I just got hit by a car and apologized to the driver. I asked him if he was okay.
New. Vanessa hudgens nude pics
That text made me feel like i signed up for some awesome celeb nude pic reminder
Also, on a completely related note, just came up with an awesome business plan. You in?
"Party in the USA" was played at church youth group last night. It was like everything I enjoy hating was aligning against me.
im bored tell me something entertaining
You got period blood on my carpet. I lied to my mom and said it was jam.
I wish you had a penis so you could experience peeing out the window in front of a crowd of people leaving parties.
I remember tearing his shower curtain down but I don't remember trying to shave my vag...
he told me not to treat him like a child and then started peeing off the trampoline
that's all we do, eat and hve sex, eat and have sex. he thinks it's bad and that we need to talk more or whatever but I'm just not seeing the problem...
dude, no lie, I would make out with you in front of them wearing nothing but a rainbow colored speedo
he puked in the sink and didnt turn off the water before he passed out on the bathroom floor. its been 2 hrs and we finally noticed that the whole fucking house is flooded. to hell with this birthday party
I'm going to a one year olds birthday party to smoke weed. What has my life become.

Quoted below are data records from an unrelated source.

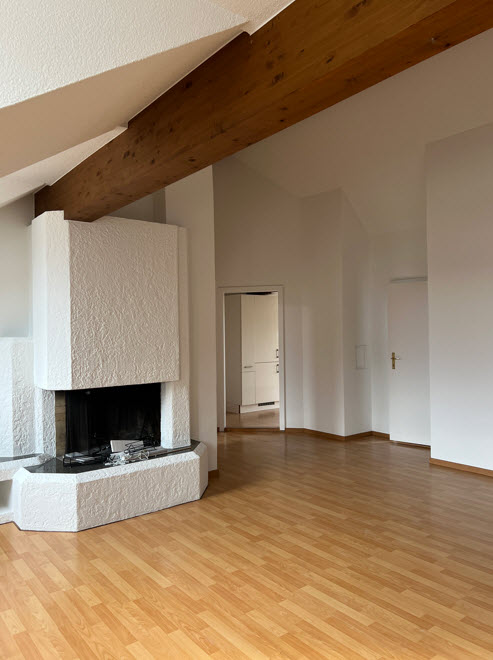 Gemütliche 1.5 Zimmer-Altbau-Dachwohnung 8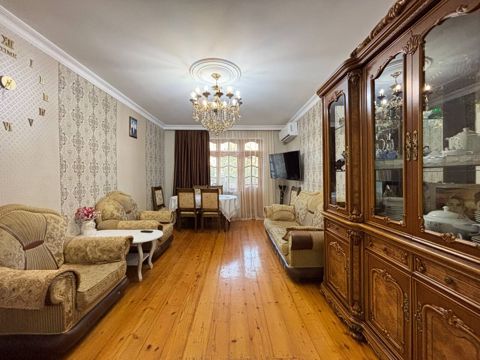 Satılır 3 otaqlı köhnə tikili 80 m² — Bakı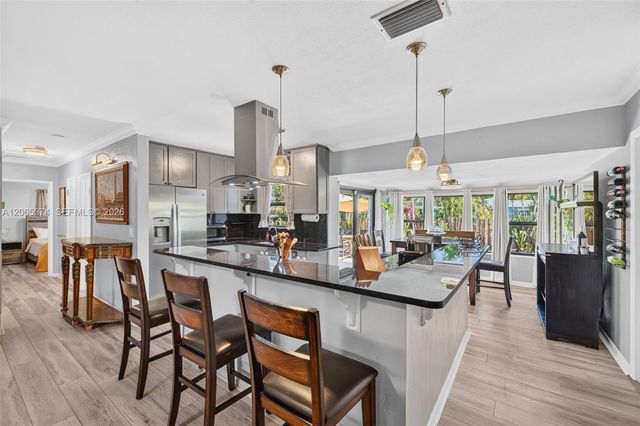 300 NW 28th Street, Wilton Manors, FL 33311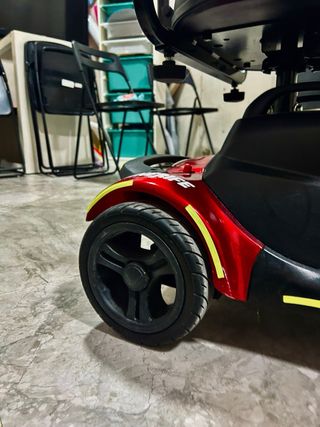 Scooter de 4 ruedas marca Tenerife 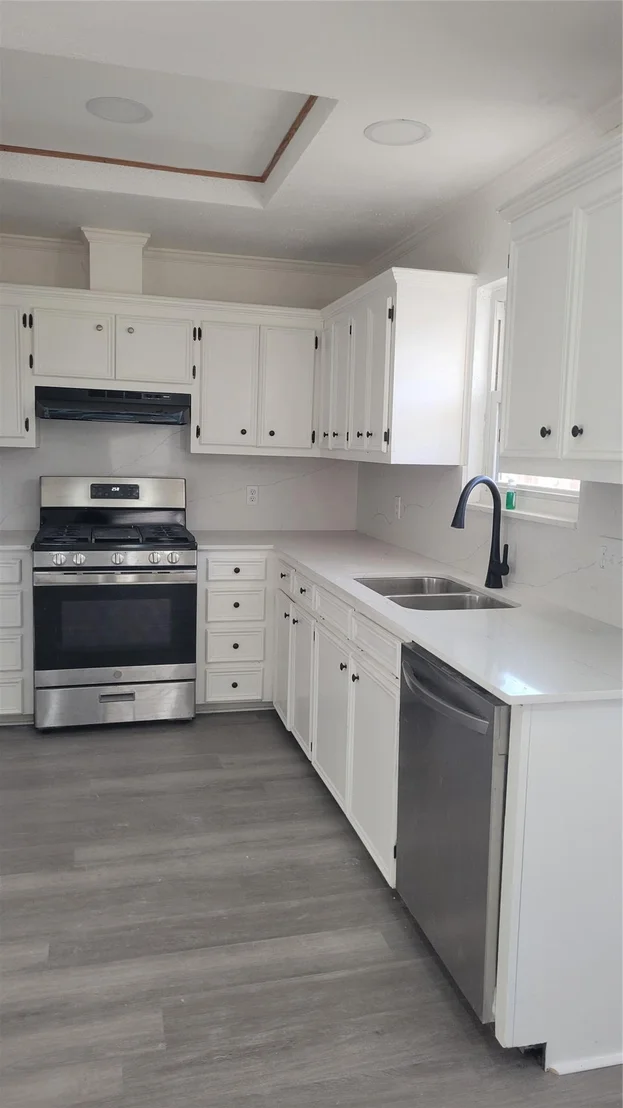 Photo of 1903 Londonderry DR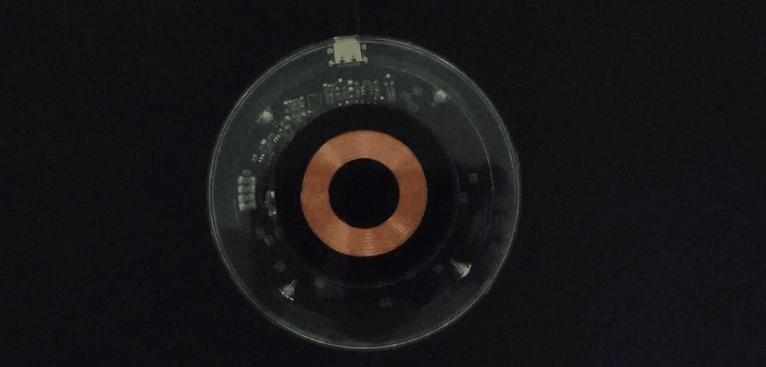 不用任何充电神器就可以充电,可以直接安在手机背面的充电神器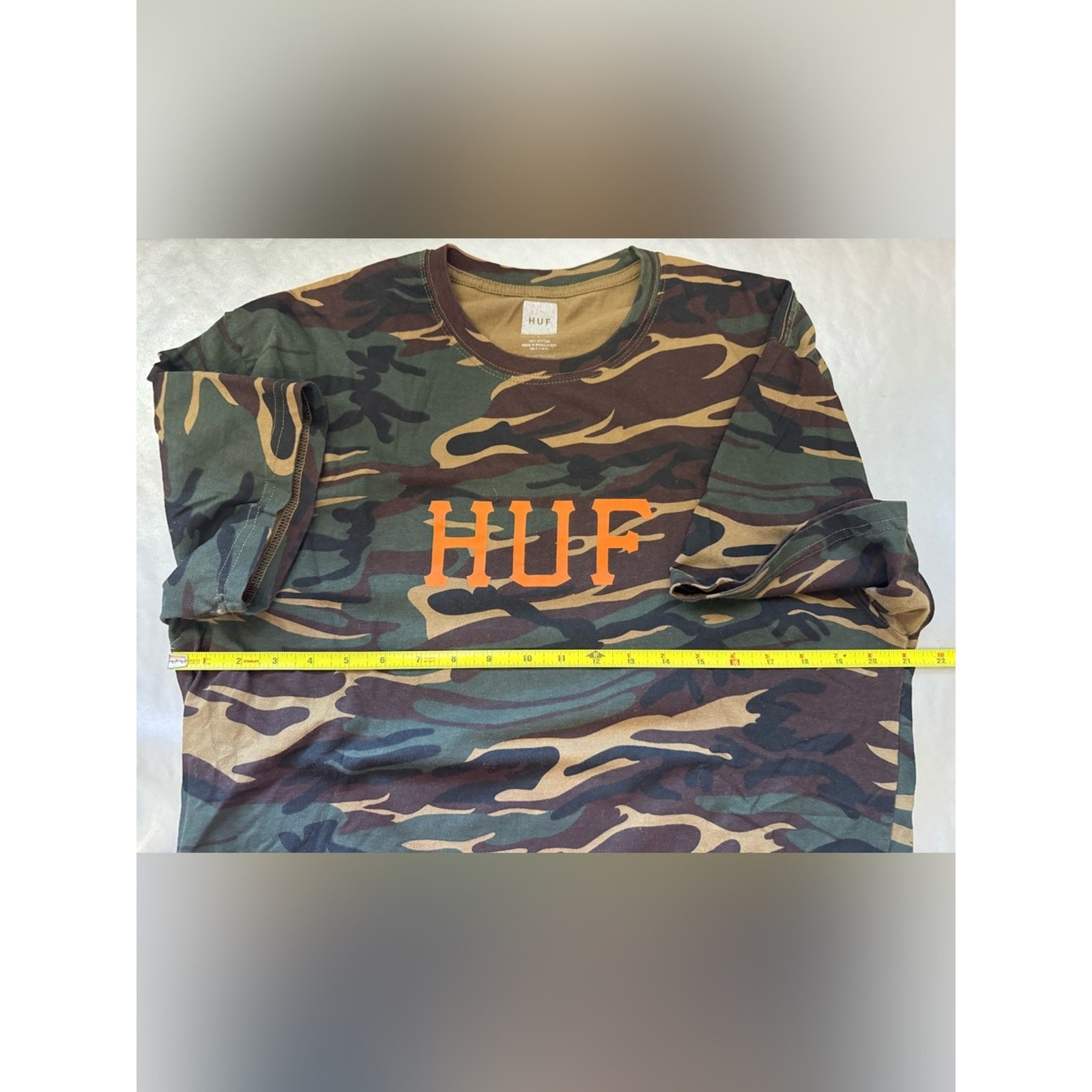 HUF Camo Logo T-Shirt Large Orange Logo Skate Streetwear 100% Cotton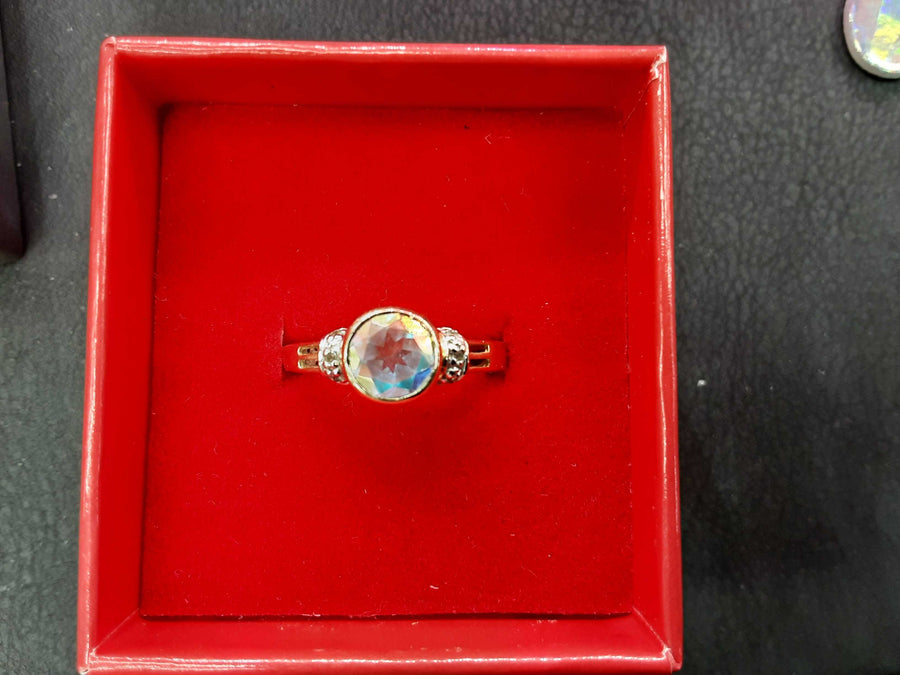 Women's Ring - Yellow Gold 14k (.585) 4.1 grams Size 7
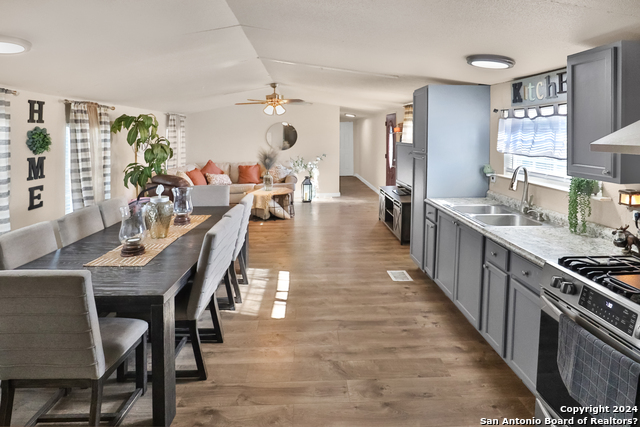 Image 7 of 16 For 1892 Fm 476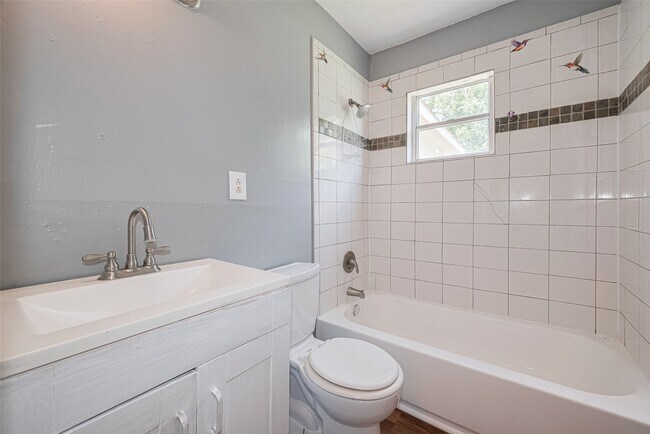 Building Photo - 6527 Kernel St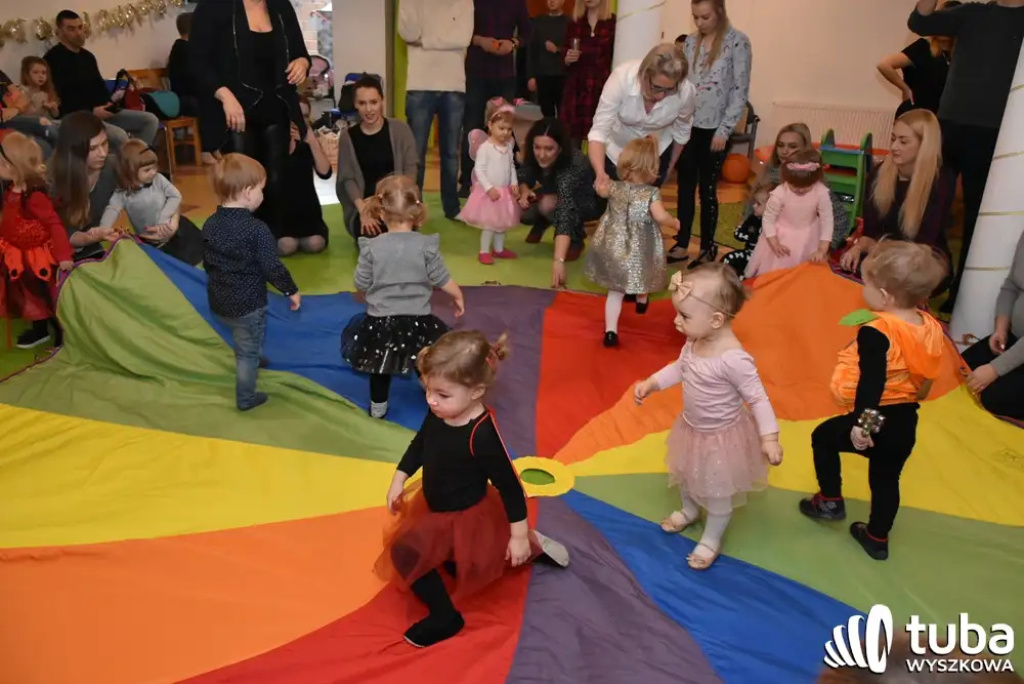 Bal Maluszka, czyli zabawa po królewsku z Pracownią Zabawy i Rozwoju MADU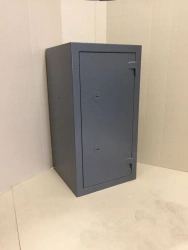 Metal Safes with Class III Burglary Resistance SF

Looks like I'm not in the Ashly Madison files. But my wife is.
How does one tell their boyfriend they're pregnant with someone else's kid??
What do I have to do?! Spell it out for him? Why can't he just plow me and pull my hair at the same time
You are my new hero
so I just realized.. of my 70k student loan debt, most of it went toward bar tabs, eightballs, and sweet-ass ties to wear to gamedays and other people's weddings. I think about shit like this while I'm at my mid-level management position. you know. "working."
Look upon your future, America, and despair.